Christopher Day
BiographyMelbourne photographer, Christopher Day, puts a fresh turn on the tried and trusted documentary genre, but there is something else, something all his own. A sly absurdist intelligence is at work; a rye understated wit that can be described as irreverent (minus the religious overtones) and as defiantly of its place and time (which is to say Australian minus the nationalist overtones). In his recent work Day moves through still life to a style of photographic collage loosely borrowed from surrealism.
Solo exhibitions include, After The Breadcrumbs, Utopian Slumps, Melbourne, 2009; A Little Boob, Victoria Park Gallery, Melbourne (2008); Big Trouble In Little China Heights, China Heights, Sydney (2008). Group exhibitions include SPBH, MiCamera, Italy (2011); South, MC Gallery, Sydney (2010); Wipe The Shit Off Your Shoes Before Entering, The Projects, Melbourne (2008); Neverness Part I, Right Angle Studios, Melbourne and Black & Blue Gallery, Sydney (2008); Everything Forever, Palm Court Gallery, Perth (2007); White & Black, Nellie Castan Gallery, Melbourne (2002).
For more information, visit Christopher Day's website here
Artist Statement
These photographs and collages bring together imagery from unexpected historical and contemporary sources, defying easy categorization to present a sardonic resistance to glib understandings of 'the end'. End presents a photographic deliberation of the word itself. The series is both literal and interpretive in the photographs of the body's end, or arses, and in the photo-collages gesture toward the more phantasmatic, apocalyptic end. Composites of photographic images, the photomontages draw physical and figurative correlations of the end in an approach that approximates filmmaking.

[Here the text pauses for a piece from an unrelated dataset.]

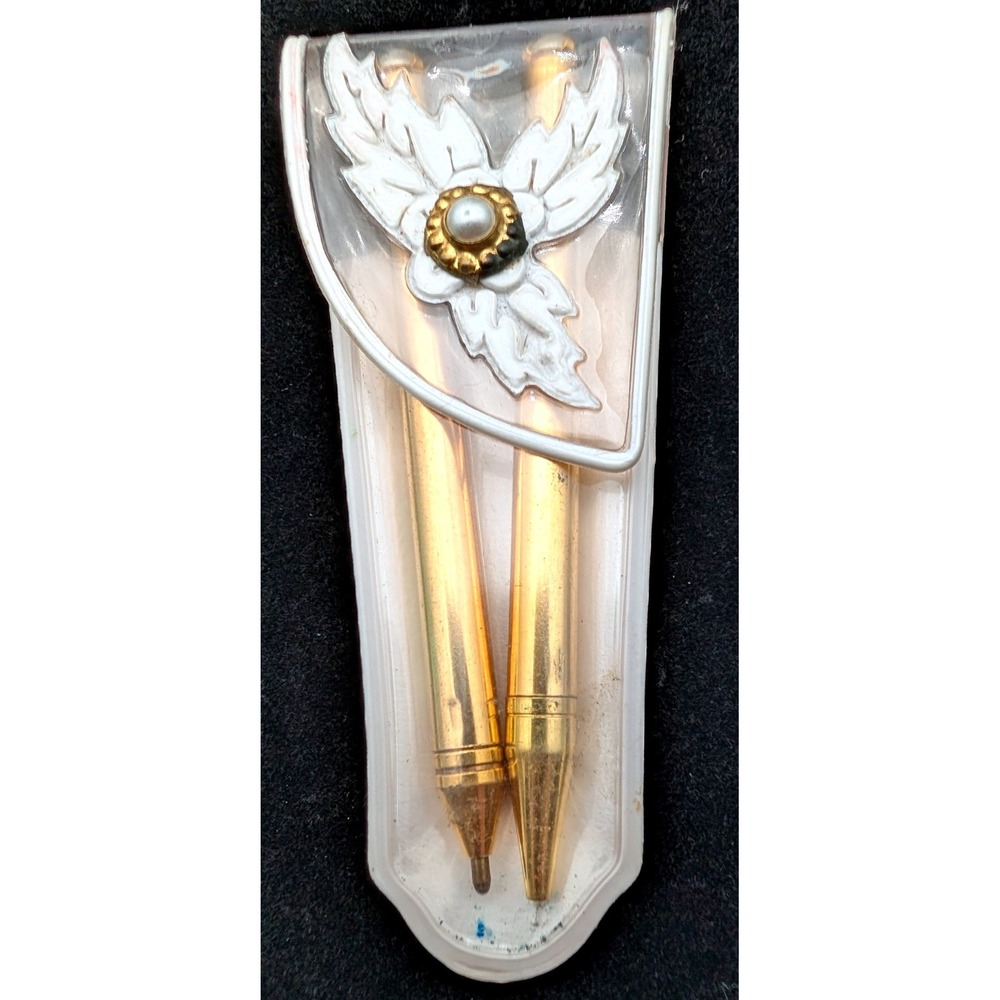 Vintage Gold Tone Pen and Mechanical Pencil Set White Leaf Pearl Pocket Case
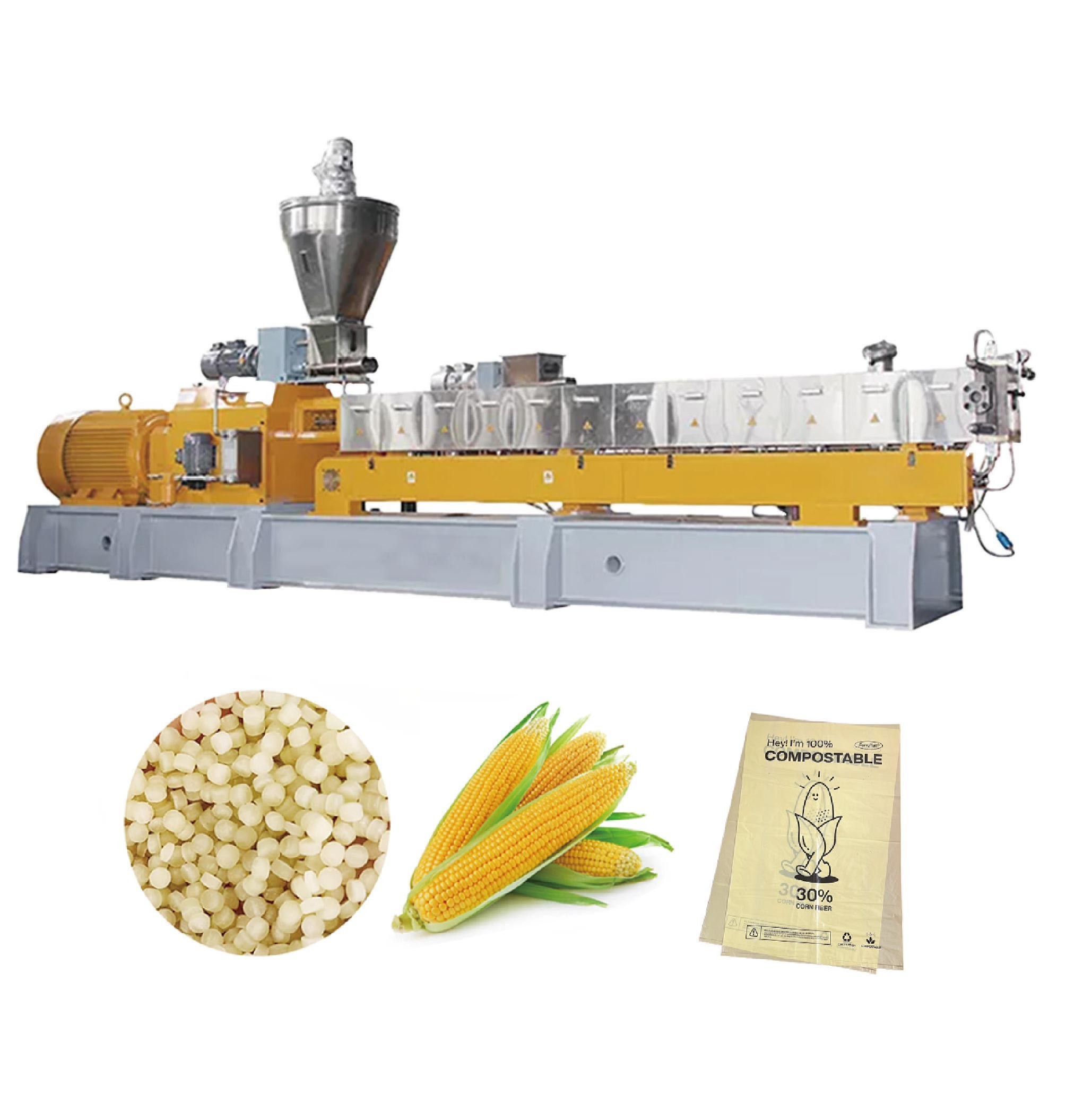 HDPE PE PVC LDPE PET Plastic Biodegradable Granulator Extruder 450~750kg/H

The project End was initiated in response to previous work, A Special Love. Photographs of people interacting with the daily 'Special' displays at the end of supermarket aisles were taken to create visual equations capturing the same situation as diversely as possible. The thematic repetition in the series, End, again represents the same situation with extreme diversity to carefully and tirelessly capture self-identical imagery to represent difference, where, at its most plastic experience, unexpected changes in the visual field vastly alter an image that seems to remain the same.